Il boom di Clubhouse. Il successo di Clubhouse è prepotente, anche se al momento limitato ai soli utenti Apple (l’app per dispositivi Android arriverà, anche se forse non troppo presto). Da giorni è al primo posto nelle classifiche dell’App Store italiano ma anche di quello tedesco (dove al momento è terza), giapponese (prima), svizzera (sesta) e olandese (sesta) anche se non è chiaro il numero di utenti attivi su base mensile. Si oscilla fra i due milioni dichiarati dai cofondatori e i quasi cinque milioni stimati ad esempio da piattaforme di analisi come Apptopia. Alla fine dello scorso anno, cioè non oltre 40 giorni fa, si muoveva intorno al milione. Secondo l’analista Vincenzo Cosenza, in Italia dovrebbero essere stato scaricato fra le 80 e le 100 mila volte. Celebrità, vip, influencer e personaggi noti – in Italia si sono visti fin dai primi giorni nomi come Fiorello, Michelle Hunziker, Luca Bizzarri, Andrea Delogu e molti altri – hanno senz’altro garantito un forte traino anche per la possibilità (talvolta remota) di poter loro fare qualche domanda o semplicemente per la sensazione “intima” di trovarsi in poche centinaia o migliaia a discuterci, per quanto la gran parte delle stanze nasca in modo spontaneo raccogliendosi intorno a interessi di ogni tipo.

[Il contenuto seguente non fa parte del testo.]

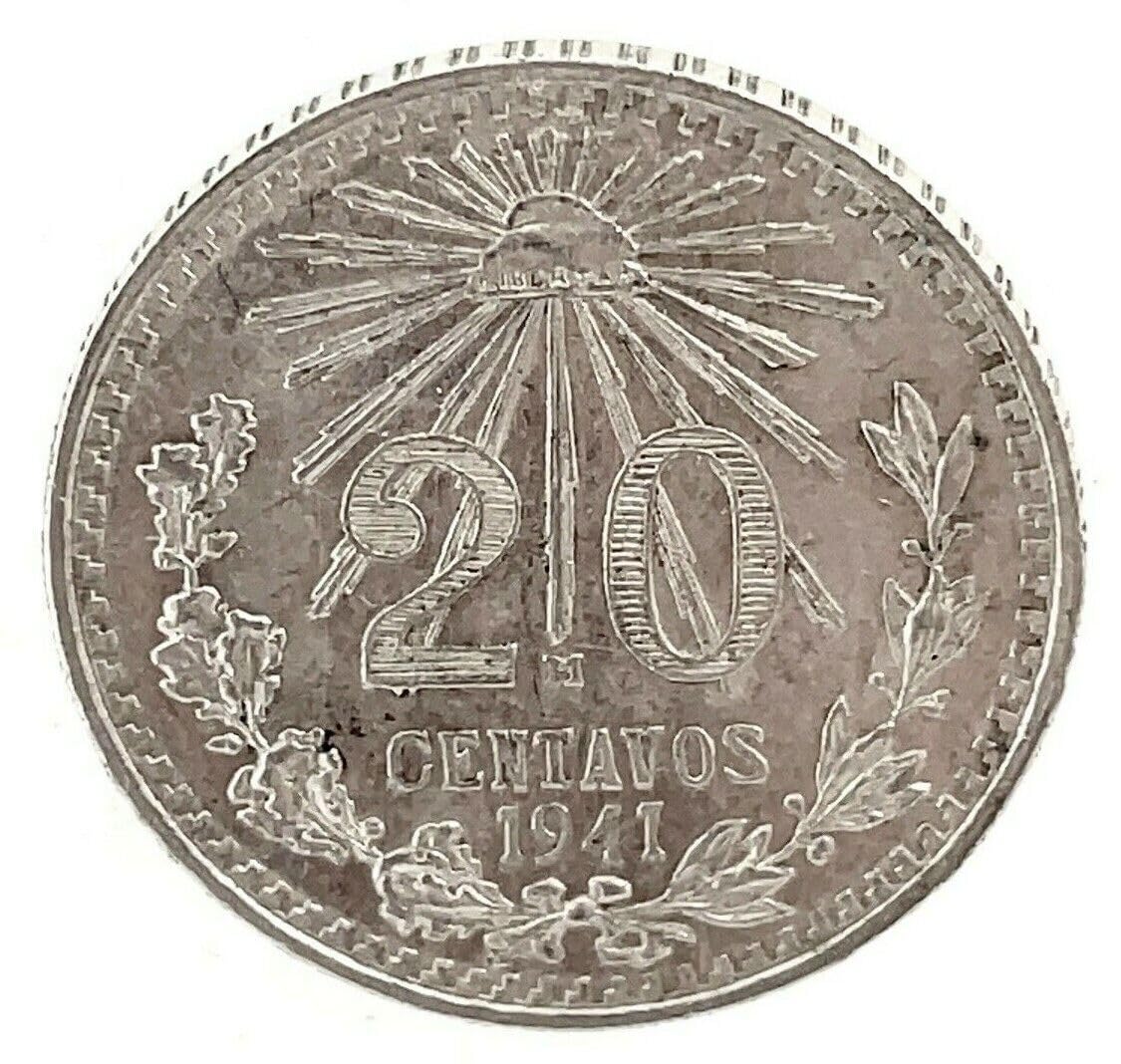 Amazon.com: 1920-1943 Mexican 20 Centavos Silver Libertad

Spaces, la risposta di Twitter. Troppo presto per capire come funzionerà la risposta di Facebook. Più chiara invece la strategia di Spaces su Twitter, disponibile per tutti gli utenti Apple che possono partecipare come ascoltatori con il comando “Richiesta” accompagnato da un microfono, lasciare un feedback (per esempio un cuore o un saluto), e chiedere la parola ma non ancora creare nuovi “spazi”, privilegio ancora riservato a una ristretta schiera di utenti selezionati. Le stanze di Twitter si trovano all’interno dell’applicazione mobile, scorrendo fra i suoi Fleet, cioè le storie visualizzate in alto. La battaglia su queste creature a metà fra radiofonia, podcast, chatroom e social è solo all’inizio.